Jan 01 00:00:48 apalis-imx6-10771760 aktualizr-torizon[1075]: Failed to store Secondary manifest: no more rows available
Jan 01 00:00:48 apalis-imx6-10771760 aktualizr-torizon[1075]: curl error 3 (http code 0): URL using bad/illegal format or missing URL

systemctl status green*

● greenboot-task-runner.service - greenboot Success Scripts Runner
     Loaded: loaded (/usr/lib/systemd/system/greenboot-task-runner.service; enabled; vendor preset: enabled)
     Active: active (exited) since Thu 1970-01-01 00:00:22 UTC; 1min 50s ago
    Process: 1076 ExecStart=/usr/libexec/greenboot/greenboot green (code=exited, status=0/SUCCESS)
   Main PID: 1076 (code=exited, status=0/SUCCESS)

Jan 01 00:00:22 apalis-imx6-10771760 systemd[1]: Starting greenboot Success Scripts Runner...
Jan 01 00:00:22 apalis-imx6-10771760 greenboot[1076]: Boot Status is GREEN - Health Check SUCCESS
Jan 01 00:00:22 apalis-imx6-10771760 greenboot[1076]: Running Green Scripts...
Jan 01 00:00:22 apalis-imx6-10771760 greenboot[1076]: Script '00_cleanup_uboot_vars.sh' SUCCESS
Jan 01 00:00:22 apalis-imx6-10771760 greenboot[1076]: Script '01_log_rollback_info.sh' SUCCESS
Jan 01 00:00:22 apalis-imx6-10771760 systemd[1]: Started greenboot Success Scripts Runner.

● greenboot.target - Generic green boot target
     Loaded: loaded (/usr/lib/systemd/system/greenboot.target; enabled; vendor preset: enabled)
     Active: active since Thu 1970-01-01 00:00:22 UTC; 1min 51s ago

Jan 01 00:00:22 apalis-imx6-10771760 systemd[1]: Reached target Generic green boot target.

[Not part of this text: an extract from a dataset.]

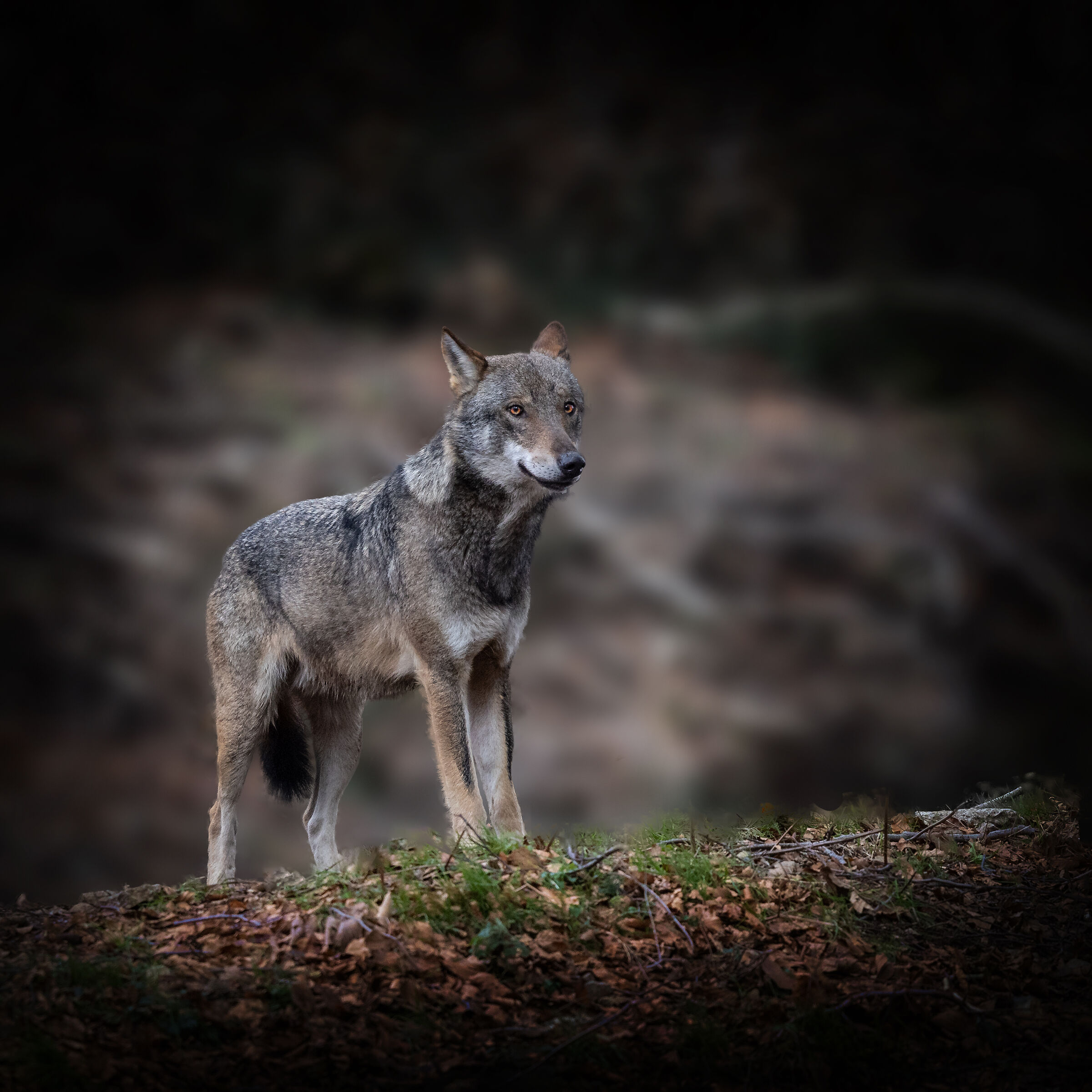Canis Lupus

● greenboot-status.service - greenboot MotD Generator
     Loaded: loaded (/usr/lib/systemd/system/greenboot-status.service; enabled; vendor preset: enabled)
     Active: active (exited) since Thu 1970-01-01 00:00:22 UTC; 1min 50s ago
    Process: 1103 ExecStart=/usr/libexec/greenboot/greenboot-status (code=exited, status=0/SUCCESS)
   Main PID: 1103 (code=exited, status=0/SUCCESS)

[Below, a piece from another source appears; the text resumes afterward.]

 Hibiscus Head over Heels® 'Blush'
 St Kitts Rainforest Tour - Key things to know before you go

Jan 01 00:00:22 apalis-imx6-10771760 systemd[1]: Starting greenboot MotD Generator...
Jan 01 00:00:22 apalis-imx6-10771760 greenboot-status[1111]: Boot Status is GREEN - Health Check SUCCESS
Jan 01 00:00:22 apalis-imx6-10771760 systemd[1]: Started greenboot MotD Generator.

● greenboot-healthcheck.service - greenboot Health Checks Runner
     Loaded: loaded (/usr/lib/systemd/system/greenboot-healthcheck.service; enabled; vendor preset: enabled)
     Active: active (exited) since Thu 1970-01-01 00:00:11 UTC; 2min 1s ago
    Process: 596 ExecStart=/usr/libexec/greenboot/greenboot check (code=exited, status=0/SUCCESS)
   Main PID: 596 (code=exited, status=0/SUCCESS)

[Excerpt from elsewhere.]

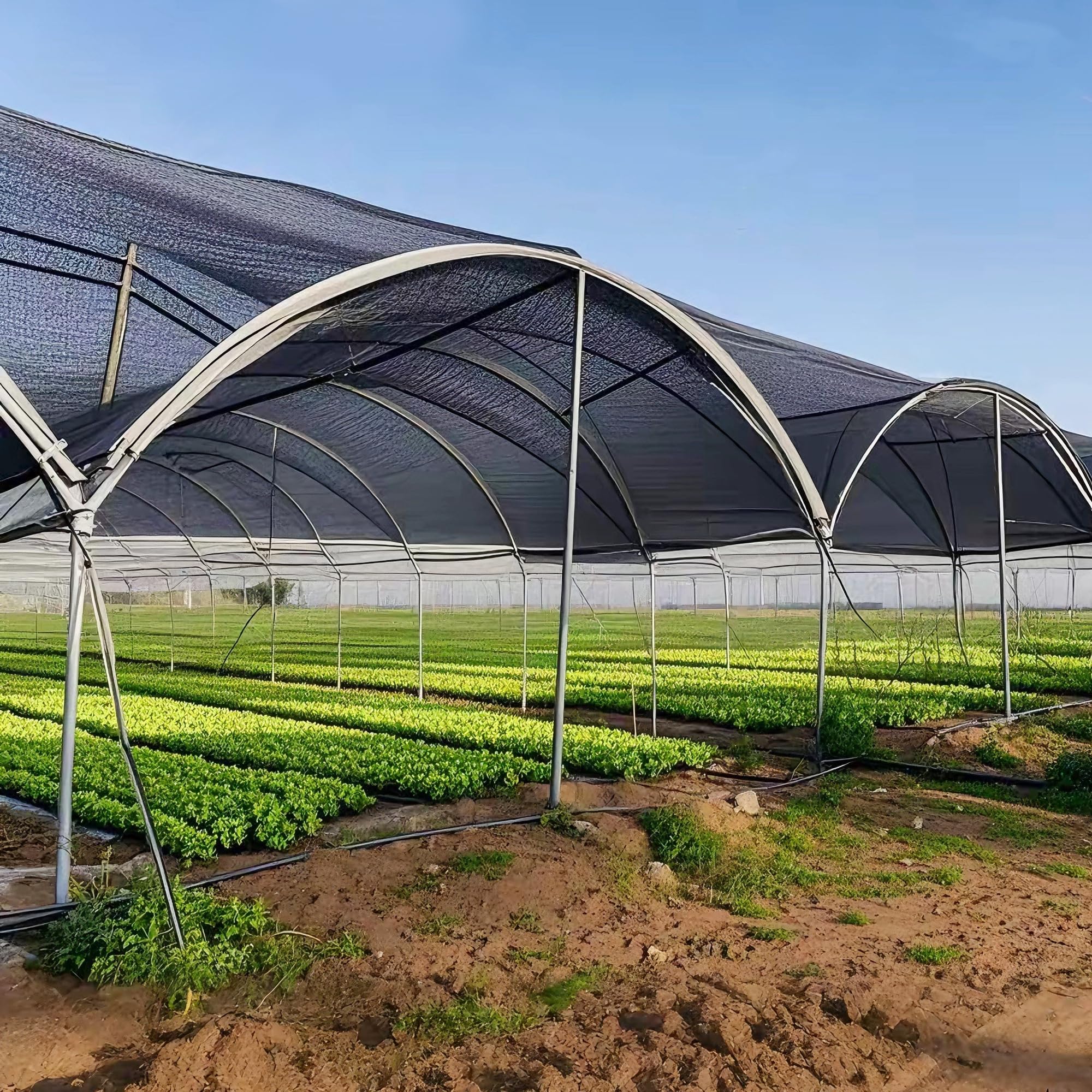 Winemana poultry coop shade keeps chickens comfortable during hot days.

Jan 01 00:00:11 apalis-imx6-10771760 systemd[1]: Starting greenboot Health Checks Runner...
Jan 01 00:00:11 apalis-imx6-10771760 greenboot[596]: Running Required Health Check Scripts...
Jan 01 00:00:11 apalis-imx6-10771760 greenboot[596]: Running Wanted Health Check Scripts...
Jan 01 00:00:11 apalis-imx6-10771760 systemd[1]: Started greenboot Health Checks Runner.

Hi @marek.kucinski ,

We recently made some bug fixes on Offline Updates, including one where the containers don’t load correctly after a synchronous update . Can you install the latest TorizonCore 6 nightly version to see if this issue persists?

I also suggest verifying if this problem happens when doing an Offline Update with only the container images, without including an OS update.

Best regards,
Lucas Akira

Hello @marek.kucinski ,

Have you already tested the offline updates on TorizonCore 6 nightly version as @lucas_a.tx has suggested before? Do you have any updates?

Hello @rudhi.tx
i made an attempt to this try, but it was more complicated than expected (see below). I had to postpone it for later diagnosis.

  1. move to TC 6.x is needed,
  2. TC6 is recommended to use Debian Bookworm based containers,
  3. no migration path from 5.7.0 to 6.x is prepared.

Therefore I need more time to test it.